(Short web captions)
*** Block opens ***
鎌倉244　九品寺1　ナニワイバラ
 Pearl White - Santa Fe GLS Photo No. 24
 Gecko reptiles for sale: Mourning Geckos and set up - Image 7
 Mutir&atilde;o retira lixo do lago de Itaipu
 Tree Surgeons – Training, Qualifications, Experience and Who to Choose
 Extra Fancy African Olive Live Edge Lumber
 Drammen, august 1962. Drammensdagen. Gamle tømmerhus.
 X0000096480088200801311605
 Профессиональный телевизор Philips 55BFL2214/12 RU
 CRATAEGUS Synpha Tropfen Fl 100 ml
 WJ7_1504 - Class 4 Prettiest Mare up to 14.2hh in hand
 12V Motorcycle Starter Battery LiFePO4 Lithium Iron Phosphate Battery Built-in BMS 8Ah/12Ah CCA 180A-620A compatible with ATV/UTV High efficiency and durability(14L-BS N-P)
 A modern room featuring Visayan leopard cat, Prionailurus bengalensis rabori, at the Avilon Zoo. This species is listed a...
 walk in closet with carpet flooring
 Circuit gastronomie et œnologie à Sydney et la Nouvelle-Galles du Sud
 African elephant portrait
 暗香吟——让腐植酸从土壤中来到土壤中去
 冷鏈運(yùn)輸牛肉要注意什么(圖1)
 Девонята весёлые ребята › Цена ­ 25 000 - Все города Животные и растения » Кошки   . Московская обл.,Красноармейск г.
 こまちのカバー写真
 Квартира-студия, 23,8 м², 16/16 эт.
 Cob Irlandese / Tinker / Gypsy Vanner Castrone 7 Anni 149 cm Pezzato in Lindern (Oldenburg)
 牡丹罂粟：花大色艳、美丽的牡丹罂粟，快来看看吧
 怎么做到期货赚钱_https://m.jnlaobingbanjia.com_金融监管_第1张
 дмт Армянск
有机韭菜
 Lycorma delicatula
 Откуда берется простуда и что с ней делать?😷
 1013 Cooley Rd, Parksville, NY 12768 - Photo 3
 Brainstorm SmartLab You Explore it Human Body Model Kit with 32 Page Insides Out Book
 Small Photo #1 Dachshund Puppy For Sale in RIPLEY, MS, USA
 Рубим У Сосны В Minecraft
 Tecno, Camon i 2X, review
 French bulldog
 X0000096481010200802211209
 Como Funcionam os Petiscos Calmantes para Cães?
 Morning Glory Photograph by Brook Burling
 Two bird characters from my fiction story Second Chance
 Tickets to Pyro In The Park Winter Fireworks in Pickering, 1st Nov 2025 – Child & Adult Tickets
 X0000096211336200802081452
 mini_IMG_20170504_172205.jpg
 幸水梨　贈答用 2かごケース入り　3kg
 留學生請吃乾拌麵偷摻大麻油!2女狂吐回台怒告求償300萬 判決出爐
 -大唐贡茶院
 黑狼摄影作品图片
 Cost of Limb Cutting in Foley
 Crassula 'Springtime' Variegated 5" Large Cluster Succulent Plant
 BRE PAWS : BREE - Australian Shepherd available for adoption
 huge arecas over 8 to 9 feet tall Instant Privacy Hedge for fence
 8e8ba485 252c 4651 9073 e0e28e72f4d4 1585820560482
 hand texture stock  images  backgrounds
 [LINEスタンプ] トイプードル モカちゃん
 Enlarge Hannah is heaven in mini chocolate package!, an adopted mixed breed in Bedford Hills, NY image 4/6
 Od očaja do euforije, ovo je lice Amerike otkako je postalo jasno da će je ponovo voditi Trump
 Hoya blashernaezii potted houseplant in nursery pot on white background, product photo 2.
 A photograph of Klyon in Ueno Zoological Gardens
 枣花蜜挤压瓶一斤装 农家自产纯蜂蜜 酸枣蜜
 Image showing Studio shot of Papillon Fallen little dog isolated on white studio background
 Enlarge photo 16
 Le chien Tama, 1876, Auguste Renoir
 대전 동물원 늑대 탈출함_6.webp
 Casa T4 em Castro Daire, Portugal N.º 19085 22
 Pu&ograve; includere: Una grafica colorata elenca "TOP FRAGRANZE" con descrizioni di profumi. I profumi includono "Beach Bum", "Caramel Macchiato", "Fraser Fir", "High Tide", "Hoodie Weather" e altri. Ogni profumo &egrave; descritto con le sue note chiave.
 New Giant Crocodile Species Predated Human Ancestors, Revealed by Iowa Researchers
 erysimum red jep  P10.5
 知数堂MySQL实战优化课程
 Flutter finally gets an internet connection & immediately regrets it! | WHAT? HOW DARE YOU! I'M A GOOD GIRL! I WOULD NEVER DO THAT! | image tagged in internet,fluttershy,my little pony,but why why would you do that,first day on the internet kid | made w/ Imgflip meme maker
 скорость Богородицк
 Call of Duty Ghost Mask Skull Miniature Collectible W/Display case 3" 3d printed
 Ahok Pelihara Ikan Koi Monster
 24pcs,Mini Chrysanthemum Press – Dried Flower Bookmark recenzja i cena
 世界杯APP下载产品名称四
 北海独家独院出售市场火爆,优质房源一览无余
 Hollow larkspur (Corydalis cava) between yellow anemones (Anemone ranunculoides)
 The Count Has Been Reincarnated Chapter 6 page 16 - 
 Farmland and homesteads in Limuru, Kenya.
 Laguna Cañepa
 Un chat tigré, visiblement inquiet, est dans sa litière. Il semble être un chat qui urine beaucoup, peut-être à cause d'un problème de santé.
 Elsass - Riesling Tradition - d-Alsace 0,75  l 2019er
*** Block closes ***
Pull every line that holds the string "hand" out of the records.

__SOLUTION TO THIS EXERCISE__
 WJ7_1504 - Class 4 Prettiest Mare up to 14.2hh in hand
 hand texture stock  images  backgrounds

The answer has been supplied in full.